US headline inflation now stands at 4.2%, whereas economists had expected it to peak at 3.5%.
It is worth noting that a surge in inflation occurred without a monthly rise in energy prices. Apparel prices rose for the first time in three months; notable was the 0.4% monthly increase in food prices. Increases in global agricultural products are starting to push grocery prices higher.
For inflation naysayers, the past lack of wage pressures has kept a cap on inflation. However, there are now signs of wage inflation.
While some economists were fretting over the lack of substantive jobs growth in the last US jobs report, it was the 0.7% month-on-month increase in average hourly earnings that, in our view, was more telling.
The higher-than-expected wage inflation corroborates other evidence that staff are demanding higher wages to return to work.
It is also worth reframing the ranges for wage inflation too often we can anchor on recent experience. But, for a moment, consider that US wage growth averaged 6.1 per cent from 1960 until 2021, reaching an all-time high of 13.8 per cent in January of 1979.
Anecdotal evidence reinforces the view that wage inflation could be more substantial than many people had bargained for.
Surveys show that there are genuine labour shortages in both the manufacturing and service sector. Those labour shortages are both due to the reluctance of people to return to work and severe skill shortages.
In a recent survey, 28% of small businesses said they were increasing salaries to attract staff. Broader surveys of wage inflation showed the most significant increases in wages since 2007.

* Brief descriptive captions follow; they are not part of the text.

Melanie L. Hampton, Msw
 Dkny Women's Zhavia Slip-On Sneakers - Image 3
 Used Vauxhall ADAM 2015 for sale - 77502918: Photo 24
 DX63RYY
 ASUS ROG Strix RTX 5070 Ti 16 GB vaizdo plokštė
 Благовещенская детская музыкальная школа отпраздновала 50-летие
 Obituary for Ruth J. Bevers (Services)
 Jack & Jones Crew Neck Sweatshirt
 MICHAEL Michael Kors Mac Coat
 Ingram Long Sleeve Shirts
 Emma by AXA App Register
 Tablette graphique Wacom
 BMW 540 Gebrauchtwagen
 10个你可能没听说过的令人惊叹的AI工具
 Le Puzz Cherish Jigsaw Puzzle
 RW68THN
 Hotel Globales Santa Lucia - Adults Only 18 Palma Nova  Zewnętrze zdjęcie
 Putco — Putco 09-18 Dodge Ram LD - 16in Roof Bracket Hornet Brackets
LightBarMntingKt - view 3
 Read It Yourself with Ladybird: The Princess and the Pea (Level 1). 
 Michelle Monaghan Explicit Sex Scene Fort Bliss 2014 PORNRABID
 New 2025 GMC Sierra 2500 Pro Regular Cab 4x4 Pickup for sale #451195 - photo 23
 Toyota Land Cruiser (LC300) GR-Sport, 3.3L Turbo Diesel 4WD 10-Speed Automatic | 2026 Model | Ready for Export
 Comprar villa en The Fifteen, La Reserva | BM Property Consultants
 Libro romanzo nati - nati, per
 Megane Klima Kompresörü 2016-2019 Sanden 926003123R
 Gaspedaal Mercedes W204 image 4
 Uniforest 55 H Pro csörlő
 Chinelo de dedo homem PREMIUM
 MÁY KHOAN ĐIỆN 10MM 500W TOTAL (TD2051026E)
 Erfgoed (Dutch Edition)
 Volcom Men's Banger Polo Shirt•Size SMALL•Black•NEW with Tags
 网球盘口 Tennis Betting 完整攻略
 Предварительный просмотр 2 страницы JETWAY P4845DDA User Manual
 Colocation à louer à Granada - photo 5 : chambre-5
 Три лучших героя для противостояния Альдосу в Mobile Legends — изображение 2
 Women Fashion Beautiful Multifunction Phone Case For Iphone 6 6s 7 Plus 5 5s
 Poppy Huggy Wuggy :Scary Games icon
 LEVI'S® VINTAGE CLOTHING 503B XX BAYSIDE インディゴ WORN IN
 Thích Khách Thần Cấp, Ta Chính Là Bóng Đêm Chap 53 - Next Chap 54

Remember, this wage inflation is taking place with still very high levels of unemployment. It’s almost become a game of poker between employers and potential workers.
Workers are empowered by funding from the government to sit out the next six to nine months and wait for higher wages.
In our view, there is a confluence of structural issues that only add to the current upward pressures on prices. Our Covid-affected world is only accelerating some of those effects.
For the first time, the world has maybe started to reflect more heavily on the meaning of life, trying to tackle climate issues and the poor distribution of wealth with more vigour. Tackling climate change will require a marked acceleration in the phasing out of energy sources with large carbon footprints.
However, using alternative energy sources means a very substantial increase in demand for copper and lithium, both of which are in short supply.
A battery-powered electric vehicle, for example, uses 83 kilograms of copper, compared to a combustion engine of only 23 kilogrammes of copper. Renewable energy sources are also heavily dependent on copper in their construction; wind energy requires on average 2,000 tons of copper per gigawatt, solar energy 5,000 tons of copper per gigawatt.
A leaning to the left in global politics may also nudge wage inflation higher.
Talk of increased minimum wages and/or increases in public sector wages could easily ignite a broader increase in wages. It has been a bone of contention for some time that the share of global GDP going to capital owners has continued to rise at the expense of wage earners.
Maybe the most straightforward argument we can make in favour of more inflation is the simple fact that almost all of the major central banks in the world want more inflation.
The Fed, for example, has a stated policy of increasing inflation above its target. Governments wish for more inflation.
Quite frankly, most heavily indebted countries in the world would not mind a burst of inflation to reduce their debt burden.